* [WHAT TO DO] Your task is to copy the lines of the data below from the line holding "Apartament de închiriat" through the line holding "2014 Land Rover Discovery - image 23", inclusive, exactly and with nothing added.

··· GIVEN INFORMATION

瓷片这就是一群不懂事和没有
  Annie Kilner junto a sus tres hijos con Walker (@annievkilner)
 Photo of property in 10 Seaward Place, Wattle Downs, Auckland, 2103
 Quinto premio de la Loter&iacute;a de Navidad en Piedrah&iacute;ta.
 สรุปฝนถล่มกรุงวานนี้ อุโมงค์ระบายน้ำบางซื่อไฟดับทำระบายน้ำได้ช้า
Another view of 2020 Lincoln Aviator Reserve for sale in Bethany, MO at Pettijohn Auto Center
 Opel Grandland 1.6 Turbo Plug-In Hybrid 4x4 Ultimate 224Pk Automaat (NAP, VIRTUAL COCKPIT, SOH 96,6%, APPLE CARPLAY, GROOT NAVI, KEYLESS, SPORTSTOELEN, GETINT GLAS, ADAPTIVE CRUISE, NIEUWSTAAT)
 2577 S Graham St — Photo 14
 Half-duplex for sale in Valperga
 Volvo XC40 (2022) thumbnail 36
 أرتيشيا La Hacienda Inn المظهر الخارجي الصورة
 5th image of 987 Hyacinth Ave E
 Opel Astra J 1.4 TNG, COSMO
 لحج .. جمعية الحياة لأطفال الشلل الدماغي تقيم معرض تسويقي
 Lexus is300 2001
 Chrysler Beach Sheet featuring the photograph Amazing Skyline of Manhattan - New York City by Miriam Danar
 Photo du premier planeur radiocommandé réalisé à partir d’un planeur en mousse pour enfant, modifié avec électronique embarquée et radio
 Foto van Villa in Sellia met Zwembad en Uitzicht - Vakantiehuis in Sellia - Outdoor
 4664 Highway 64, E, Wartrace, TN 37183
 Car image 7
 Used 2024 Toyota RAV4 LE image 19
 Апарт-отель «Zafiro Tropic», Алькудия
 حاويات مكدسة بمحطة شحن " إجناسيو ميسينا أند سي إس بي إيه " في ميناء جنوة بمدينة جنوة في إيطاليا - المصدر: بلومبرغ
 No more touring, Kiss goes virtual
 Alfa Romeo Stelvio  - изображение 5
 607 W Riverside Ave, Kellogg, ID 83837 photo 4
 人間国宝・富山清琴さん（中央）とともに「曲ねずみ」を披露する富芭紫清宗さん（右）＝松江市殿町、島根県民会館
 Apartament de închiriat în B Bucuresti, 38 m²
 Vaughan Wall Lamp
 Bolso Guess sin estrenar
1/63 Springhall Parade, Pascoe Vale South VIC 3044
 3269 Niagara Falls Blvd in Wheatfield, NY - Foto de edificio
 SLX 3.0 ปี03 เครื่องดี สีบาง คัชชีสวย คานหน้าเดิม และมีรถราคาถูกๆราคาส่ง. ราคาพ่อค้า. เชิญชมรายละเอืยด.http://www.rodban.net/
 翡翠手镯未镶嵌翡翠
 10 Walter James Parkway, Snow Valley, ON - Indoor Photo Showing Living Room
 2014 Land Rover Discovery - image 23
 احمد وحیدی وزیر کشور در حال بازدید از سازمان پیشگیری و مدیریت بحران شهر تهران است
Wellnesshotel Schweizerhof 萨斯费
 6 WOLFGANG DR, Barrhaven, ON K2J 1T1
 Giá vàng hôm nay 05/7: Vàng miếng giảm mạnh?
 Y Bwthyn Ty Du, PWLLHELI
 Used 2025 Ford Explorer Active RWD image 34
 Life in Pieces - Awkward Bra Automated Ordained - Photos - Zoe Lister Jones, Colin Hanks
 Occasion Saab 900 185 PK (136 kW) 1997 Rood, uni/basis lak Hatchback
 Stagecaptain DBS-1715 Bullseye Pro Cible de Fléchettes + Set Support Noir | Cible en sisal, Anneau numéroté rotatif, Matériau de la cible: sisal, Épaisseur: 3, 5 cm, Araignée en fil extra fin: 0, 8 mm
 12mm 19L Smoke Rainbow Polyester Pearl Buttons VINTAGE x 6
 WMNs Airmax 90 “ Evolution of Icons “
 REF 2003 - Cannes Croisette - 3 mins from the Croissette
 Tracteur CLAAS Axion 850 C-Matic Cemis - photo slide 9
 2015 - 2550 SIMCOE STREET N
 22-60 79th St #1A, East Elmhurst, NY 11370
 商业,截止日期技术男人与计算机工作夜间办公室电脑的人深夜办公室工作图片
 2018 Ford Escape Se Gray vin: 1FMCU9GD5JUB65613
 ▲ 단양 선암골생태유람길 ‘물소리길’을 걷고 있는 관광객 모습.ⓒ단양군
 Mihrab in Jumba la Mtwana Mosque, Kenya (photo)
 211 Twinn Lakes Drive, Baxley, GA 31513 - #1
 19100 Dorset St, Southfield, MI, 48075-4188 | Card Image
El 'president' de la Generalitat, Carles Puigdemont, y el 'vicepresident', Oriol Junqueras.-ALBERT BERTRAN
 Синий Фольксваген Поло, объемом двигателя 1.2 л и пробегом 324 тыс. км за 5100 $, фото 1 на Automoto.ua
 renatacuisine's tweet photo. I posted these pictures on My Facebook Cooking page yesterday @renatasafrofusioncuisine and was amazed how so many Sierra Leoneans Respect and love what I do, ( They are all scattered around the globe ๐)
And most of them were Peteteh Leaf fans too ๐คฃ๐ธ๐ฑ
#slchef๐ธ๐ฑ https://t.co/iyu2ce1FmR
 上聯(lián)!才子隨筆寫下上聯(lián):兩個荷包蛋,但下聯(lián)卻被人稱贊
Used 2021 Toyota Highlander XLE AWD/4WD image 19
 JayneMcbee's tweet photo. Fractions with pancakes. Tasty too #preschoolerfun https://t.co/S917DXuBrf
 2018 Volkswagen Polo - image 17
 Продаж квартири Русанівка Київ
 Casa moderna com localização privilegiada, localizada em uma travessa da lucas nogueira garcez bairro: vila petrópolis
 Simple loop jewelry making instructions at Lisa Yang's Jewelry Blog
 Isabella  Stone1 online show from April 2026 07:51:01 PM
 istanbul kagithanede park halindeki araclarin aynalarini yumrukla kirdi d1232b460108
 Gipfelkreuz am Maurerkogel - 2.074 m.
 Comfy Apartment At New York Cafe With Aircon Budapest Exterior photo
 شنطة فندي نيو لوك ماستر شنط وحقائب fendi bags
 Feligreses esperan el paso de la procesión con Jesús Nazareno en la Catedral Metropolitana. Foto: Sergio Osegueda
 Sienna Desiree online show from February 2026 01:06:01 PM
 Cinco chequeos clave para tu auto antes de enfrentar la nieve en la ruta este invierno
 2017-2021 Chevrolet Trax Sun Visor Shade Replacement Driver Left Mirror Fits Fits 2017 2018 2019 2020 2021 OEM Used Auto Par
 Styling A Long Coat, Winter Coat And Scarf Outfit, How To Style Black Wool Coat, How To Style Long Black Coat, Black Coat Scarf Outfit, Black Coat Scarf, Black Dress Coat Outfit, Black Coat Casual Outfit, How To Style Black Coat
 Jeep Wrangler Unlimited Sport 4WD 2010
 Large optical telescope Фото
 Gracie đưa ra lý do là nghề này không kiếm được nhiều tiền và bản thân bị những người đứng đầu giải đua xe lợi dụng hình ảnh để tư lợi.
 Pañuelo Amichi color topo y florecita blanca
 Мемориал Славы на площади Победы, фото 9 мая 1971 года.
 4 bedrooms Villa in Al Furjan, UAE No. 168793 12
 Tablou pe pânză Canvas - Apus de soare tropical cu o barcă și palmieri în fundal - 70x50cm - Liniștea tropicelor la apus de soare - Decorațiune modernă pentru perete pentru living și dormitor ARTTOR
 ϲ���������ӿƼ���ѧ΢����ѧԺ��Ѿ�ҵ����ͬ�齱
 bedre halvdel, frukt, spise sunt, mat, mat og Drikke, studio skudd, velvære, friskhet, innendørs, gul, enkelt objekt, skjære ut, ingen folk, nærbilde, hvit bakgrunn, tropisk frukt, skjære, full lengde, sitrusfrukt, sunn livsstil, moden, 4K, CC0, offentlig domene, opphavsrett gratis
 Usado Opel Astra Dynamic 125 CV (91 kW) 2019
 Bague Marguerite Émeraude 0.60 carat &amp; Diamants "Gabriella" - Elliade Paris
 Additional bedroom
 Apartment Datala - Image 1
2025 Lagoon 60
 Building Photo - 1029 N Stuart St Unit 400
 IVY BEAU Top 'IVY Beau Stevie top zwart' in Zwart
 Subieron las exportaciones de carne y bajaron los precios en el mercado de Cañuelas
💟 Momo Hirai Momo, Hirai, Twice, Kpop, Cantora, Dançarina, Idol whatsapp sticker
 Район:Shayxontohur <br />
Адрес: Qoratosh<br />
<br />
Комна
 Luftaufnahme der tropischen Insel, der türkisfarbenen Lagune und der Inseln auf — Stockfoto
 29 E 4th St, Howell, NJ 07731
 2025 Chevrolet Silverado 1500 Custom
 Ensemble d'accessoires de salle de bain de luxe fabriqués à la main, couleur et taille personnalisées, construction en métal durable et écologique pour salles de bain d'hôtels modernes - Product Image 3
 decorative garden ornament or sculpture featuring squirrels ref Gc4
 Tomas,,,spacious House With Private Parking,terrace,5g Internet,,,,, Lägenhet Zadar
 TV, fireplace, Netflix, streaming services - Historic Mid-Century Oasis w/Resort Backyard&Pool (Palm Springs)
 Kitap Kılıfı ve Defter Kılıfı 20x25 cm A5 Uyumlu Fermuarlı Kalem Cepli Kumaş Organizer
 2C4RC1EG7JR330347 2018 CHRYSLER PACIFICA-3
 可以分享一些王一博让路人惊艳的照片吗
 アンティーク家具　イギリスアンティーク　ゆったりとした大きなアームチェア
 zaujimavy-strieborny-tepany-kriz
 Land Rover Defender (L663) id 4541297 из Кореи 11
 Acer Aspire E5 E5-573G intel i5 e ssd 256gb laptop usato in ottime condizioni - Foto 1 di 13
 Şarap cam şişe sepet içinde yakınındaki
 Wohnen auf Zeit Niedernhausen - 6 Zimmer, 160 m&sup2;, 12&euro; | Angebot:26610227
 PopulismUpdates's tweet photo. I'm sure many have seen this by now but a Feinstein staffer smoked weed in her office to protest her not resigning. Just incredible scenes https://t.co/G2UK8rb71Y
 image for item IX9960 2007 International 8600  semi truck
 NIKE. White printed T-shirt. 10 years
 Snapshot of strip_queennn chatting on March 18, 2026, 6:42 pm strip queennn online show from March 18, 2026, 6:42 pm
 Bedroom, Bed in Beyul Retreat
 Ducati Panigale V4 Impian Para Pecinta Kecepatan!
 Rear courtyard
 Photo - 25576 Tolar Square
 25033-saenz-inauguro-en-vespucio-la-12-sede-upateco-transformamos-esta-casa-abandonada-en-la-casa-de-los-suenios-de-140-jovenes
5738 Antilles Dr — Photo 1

······

* [ANSWER]
 Apartament de închiriat în B Bucuresti, 38 m²
 Vaughan Wall Lamp
 Bolso Guess sin estrenar
1/63 Springhall Parade, Pascoe Vale South VIC 3044
 3269 Niagara Falls Blvd in Wheatfield, NY - Foto de edificio
 SLX 3.0 ปี03 เครื่องดี สีบาง คัชชีสวย คานหน้าเดิม และมีรถราคาถูกๆราคาส่ง. ราคาพ่อค้า. เชิญชมรายละเอืยด.http://www.rodban.net/
 翡翠手镯未镶嵌翡翠
 10 Walter James Parkway, Snow Valley, ON - Indoor Photo Showing Living Room
 2014 Land Rover Discovery - image 23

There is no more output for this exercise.